Each military and allied force works in network environments with different standards and requirements based on their nation’s mission and capabilities. As these allies come together to train, they must have  secure communications, access to data, and be able to effectively share information .

In a recent article in SIGNAL, Mary Woods, Army deputy program executive officer for Command, Control and Communications–Tactical (PEO C3T), talks about the importance of broadening our understanding of interoperability. She says it goes beyond “networks capable of transferring data among partner nations.” True success, according to Woods, is “a byproduct of each country’s planning efforts, technical expertise and coordination behind the scenes months before any equipment ever touches the ground in an operational setting.”
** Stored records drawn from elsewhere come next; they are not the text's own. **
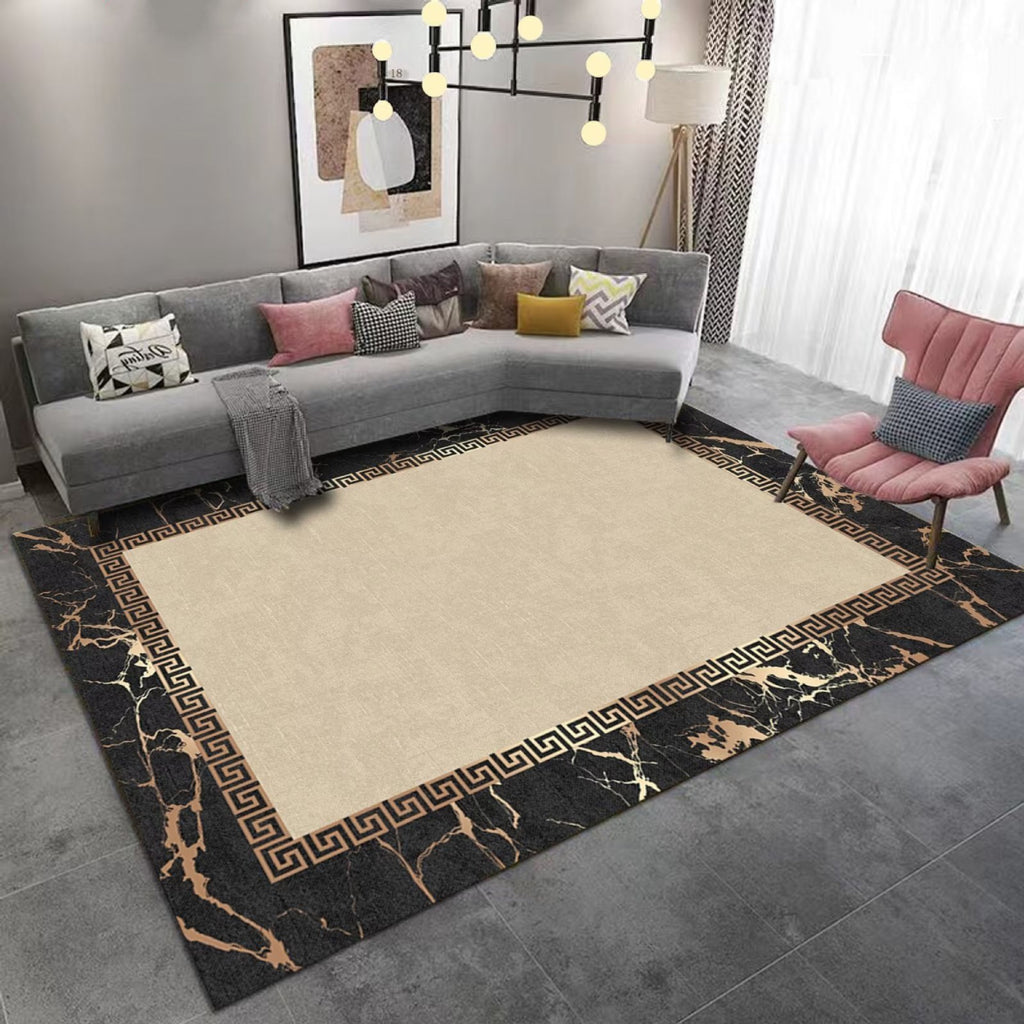 Living Room Carpet Stain-Resistant Easy Care Crystal Velvet Carpet Non-Slip Wear-Resistant Home Light Luxury Style Bedroom Bedside Rug Full Coverage
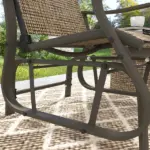 Outsunny Outdoor Glider Chair Patio Glider Swing Chair with Mesh Seat, Steel Frame for Backyard, Garden, Porch, Light Mixed Brown - Image 8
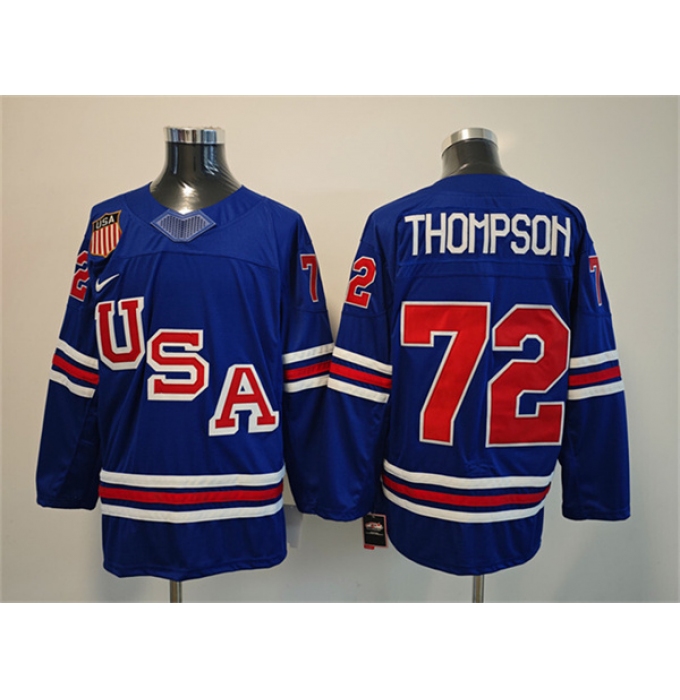 Men's USA #72 Tage Thompson Royal 2025-2026 Stitched Jersey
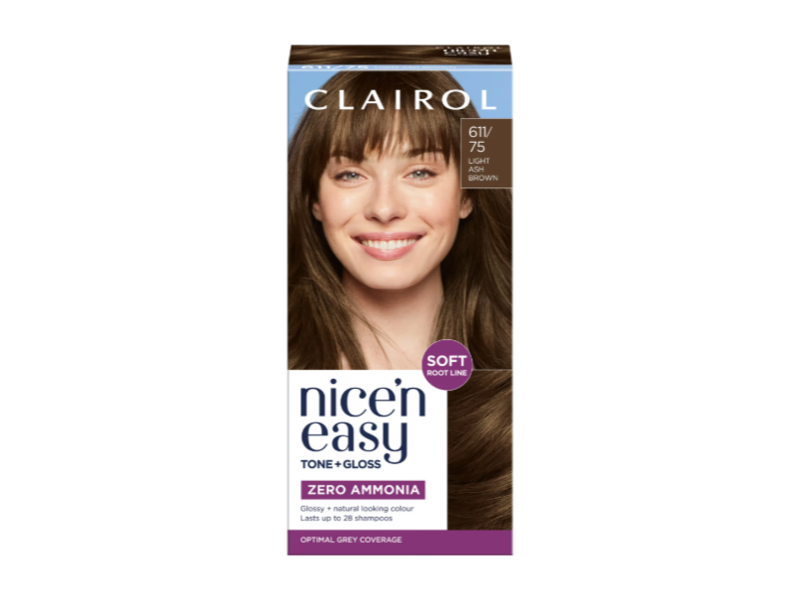 Clairol Nice'N Easy Tone+Gloss Demi Permanent Hair Color, 75 Light Ash Brown, 1 Application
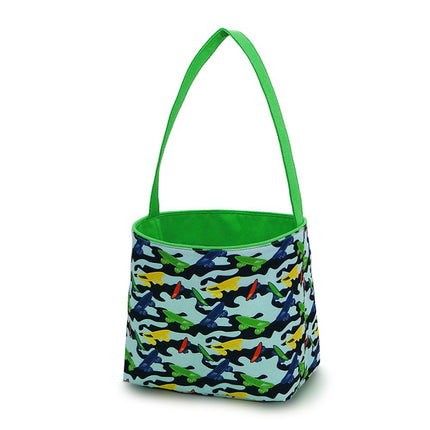 wholesale green camouflage with skateboards polyester easter buckets for kids egg hunts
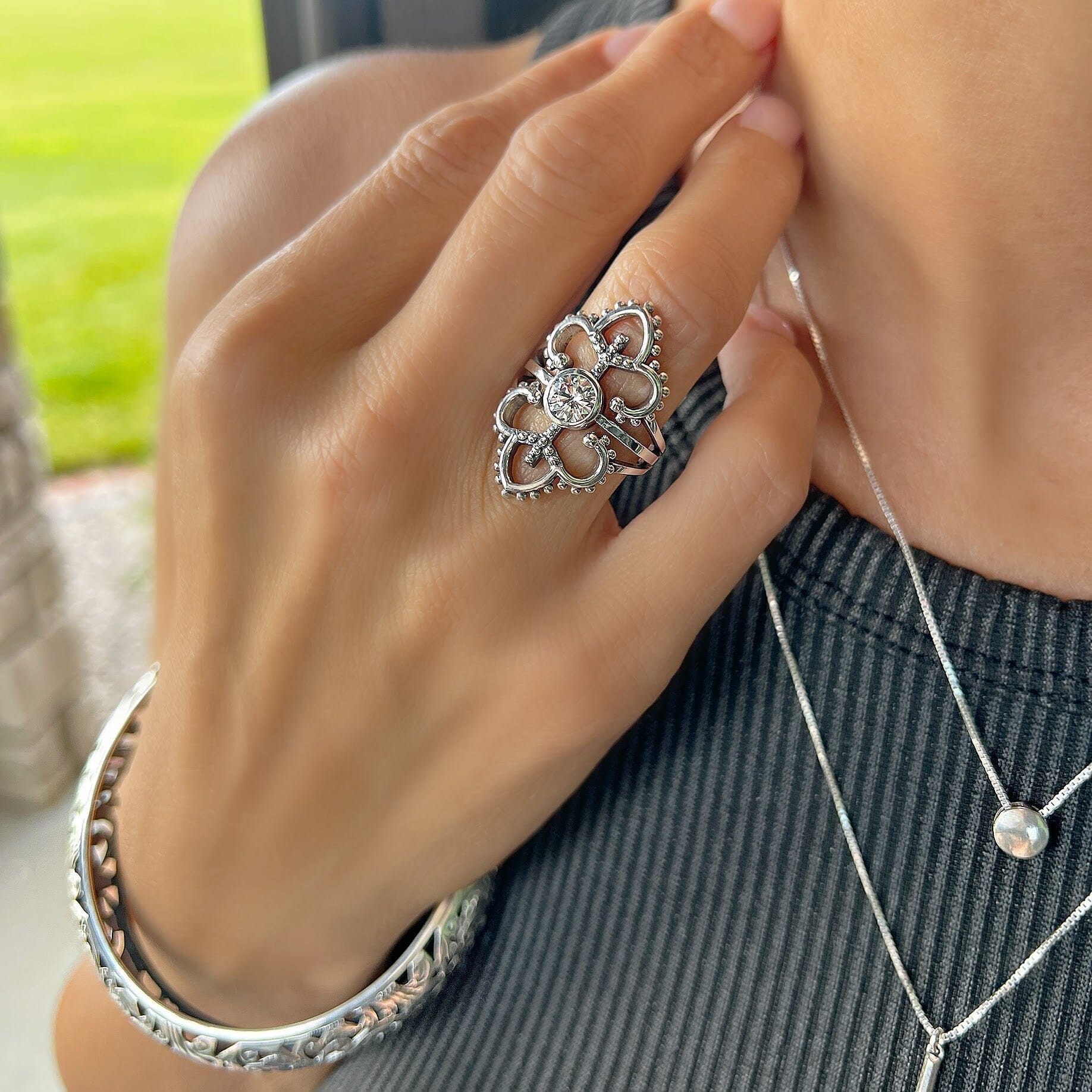 Sterling silver wide ring paired with sterling vineyard bracelet, better together necklace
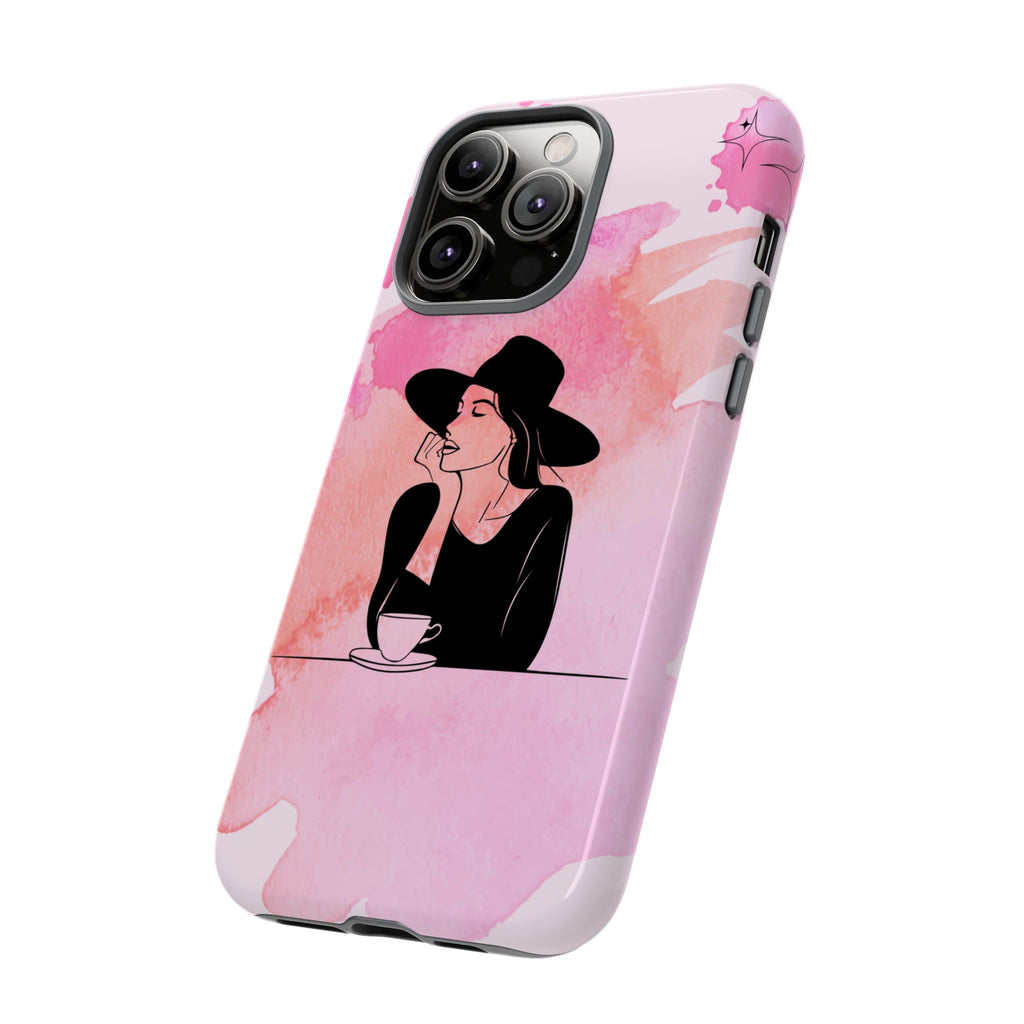 Coque de téléphone — Illustration de femme en aquarelle rose, housse de protection pour amateur de café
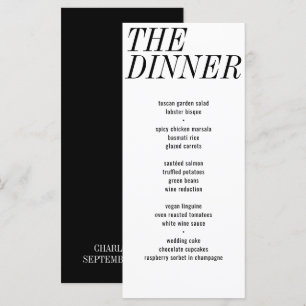 Menu Le dîner Mariage unique de typographie noir blanc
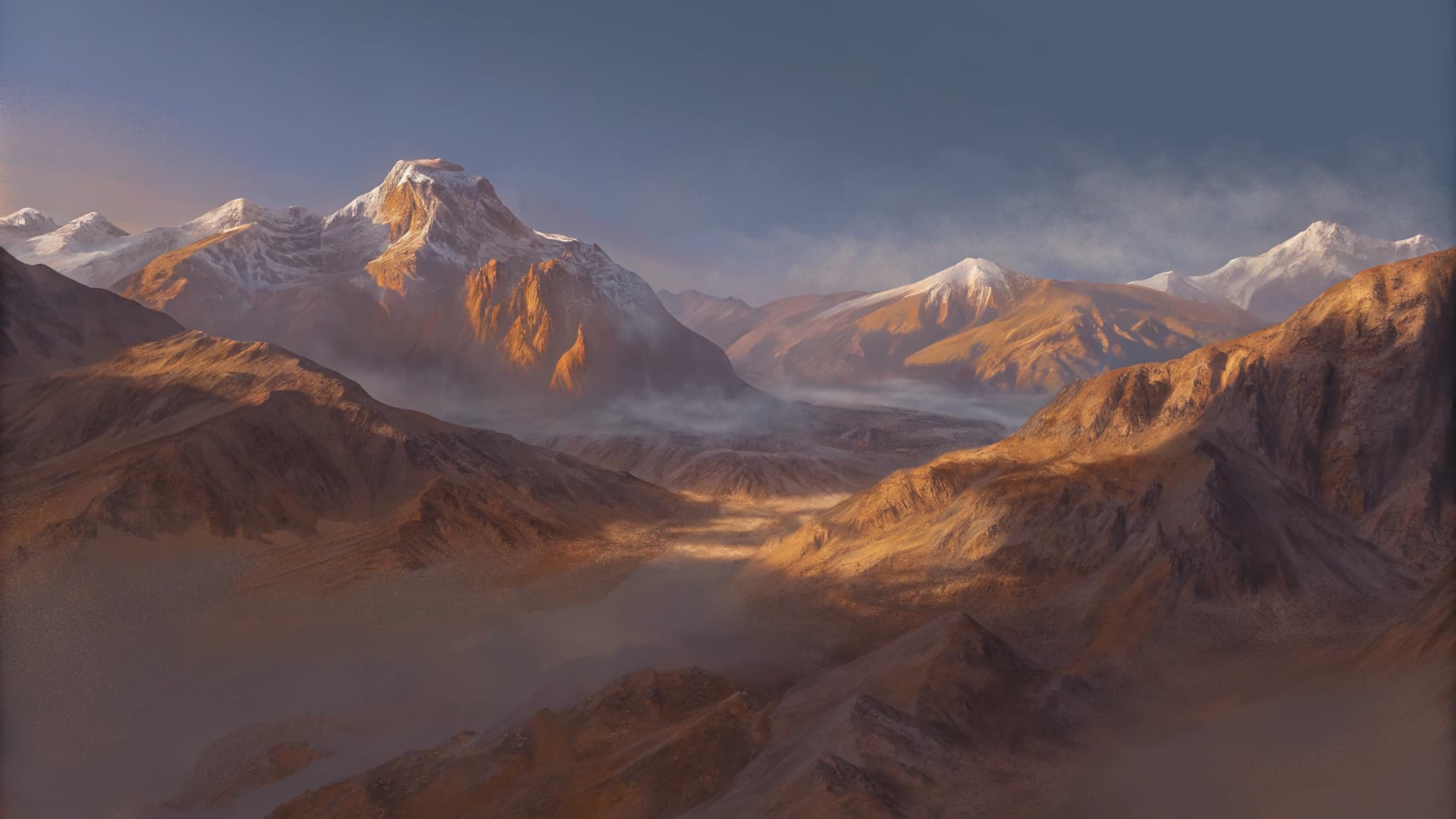 Mountains and clouds background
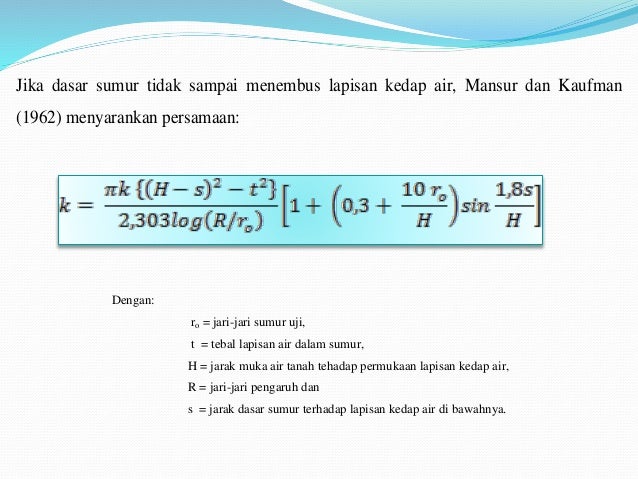 Uji Permeabilitas Di Lapangan Dengan Menggunakan Sumur Uji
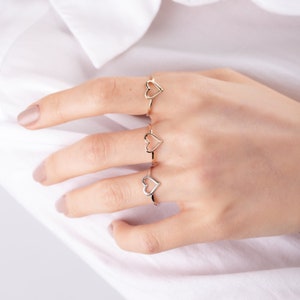 14K 18K massief gouden hartring, sierlijke roségouden hartring, minimale hartring cadeau voor vriendin cadeau bruidsmeisje, cadeau voor vrouwen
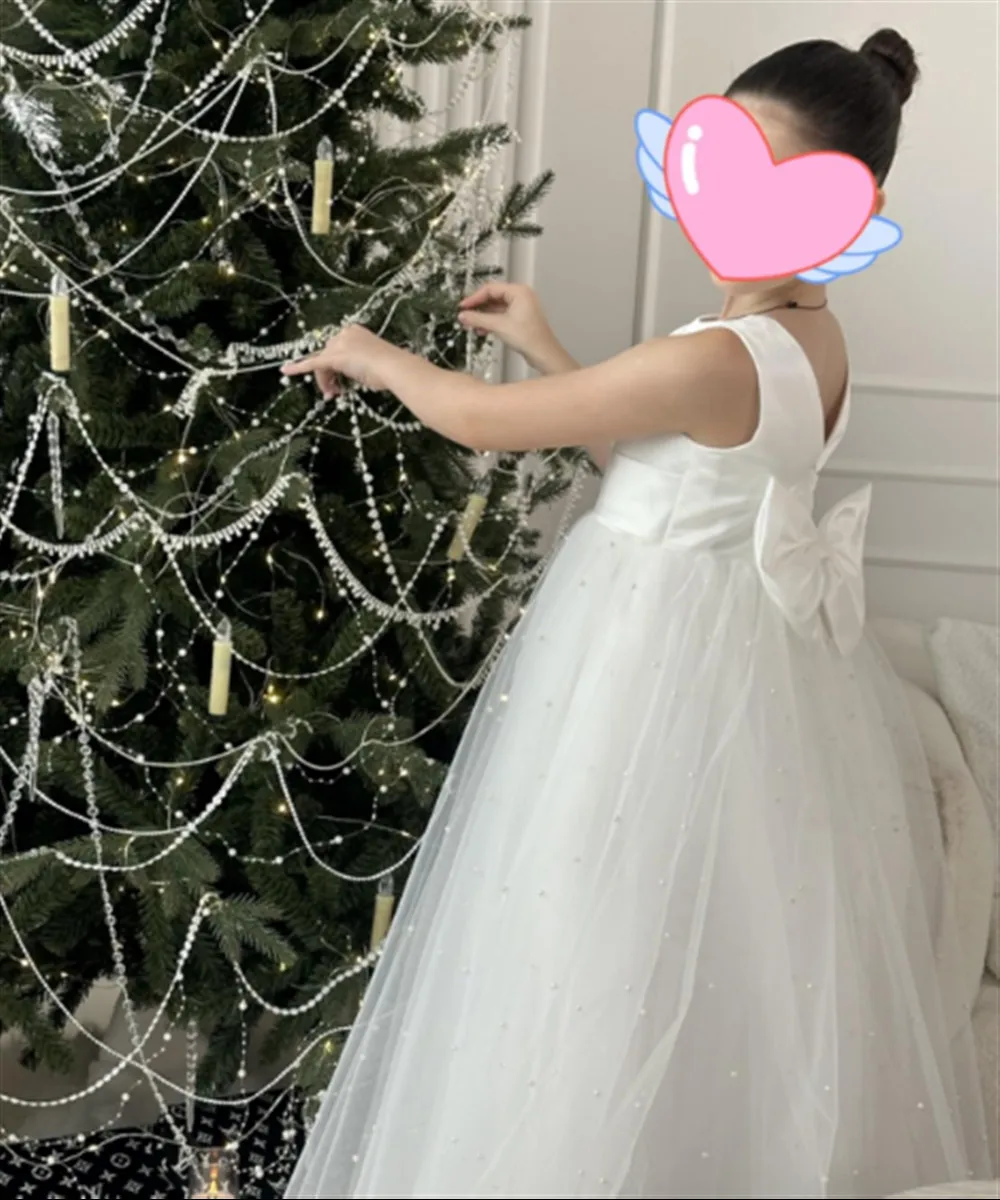Lovely Flower Girl Dress for Wedding Pearls with Bow-Knot Belt Kids Princess Communion Pageant Ball Gown Customized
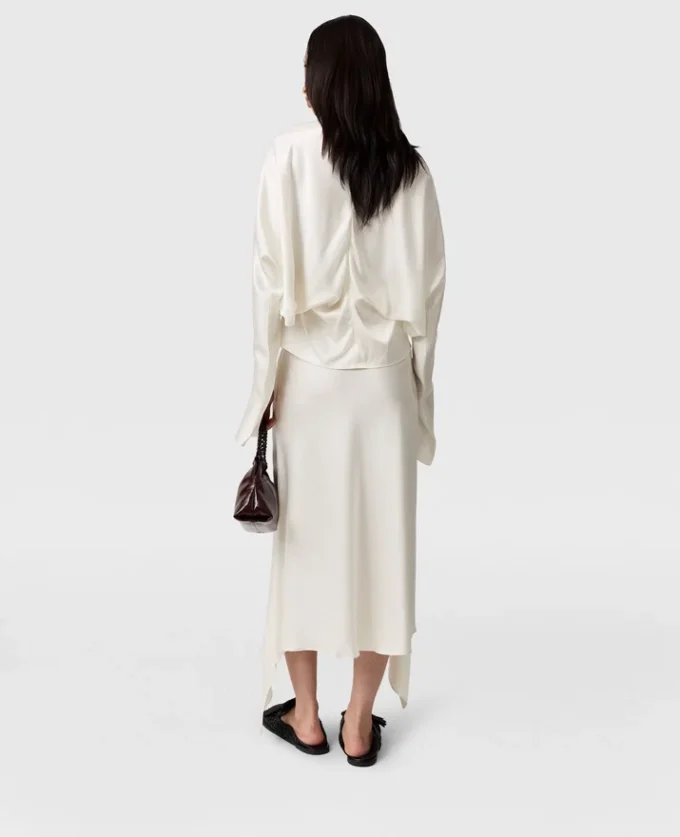Curved Hem Satin Midi Skirt Curved Hem Satin Midi Skirt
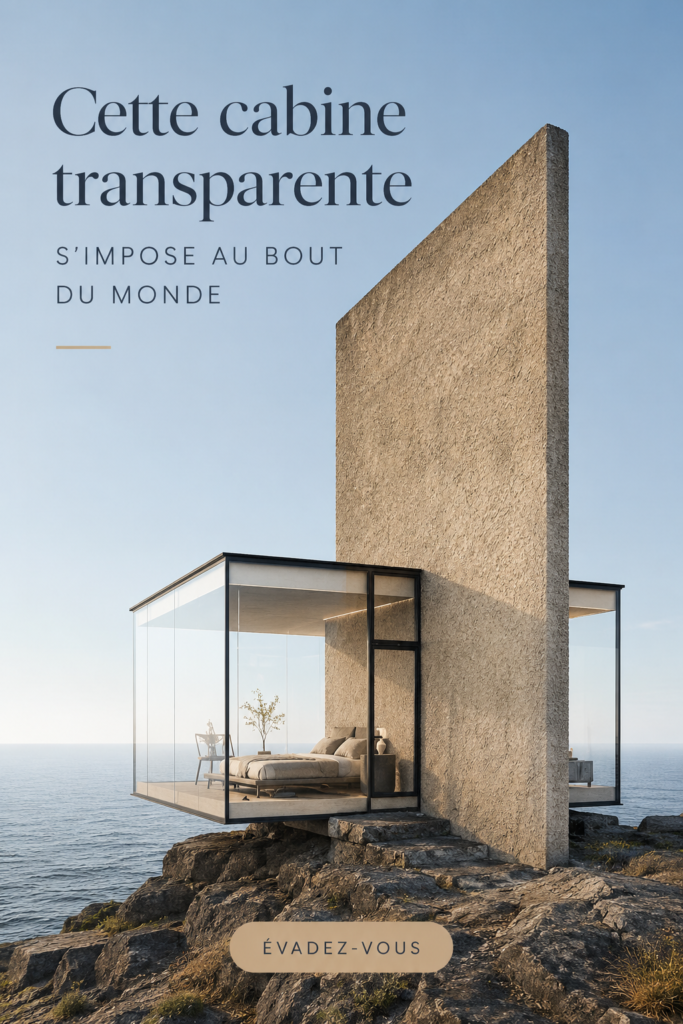 Vue extérieure d'une cabane transparente au bord d'une falaise avec un panorama spectaculaire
This type of interoperability requires a team effort from technology developers, solutions providers, industry allies, coalition partners, and many more that enable coalition integration. It can’t be an afterthought or a part of the solution;  rather interoperability requires bigger thinking and solutions that are built with information sharing in mind from the start, for more effective mission command and control in today’s new battlespace.

The Army continues to address interoperability by holding events that bring allies and joint forces together with the goal of learning from the exercises and breaking down the walls that block essential data sharing among partners. Future warfighting exercises will be held throughout the year.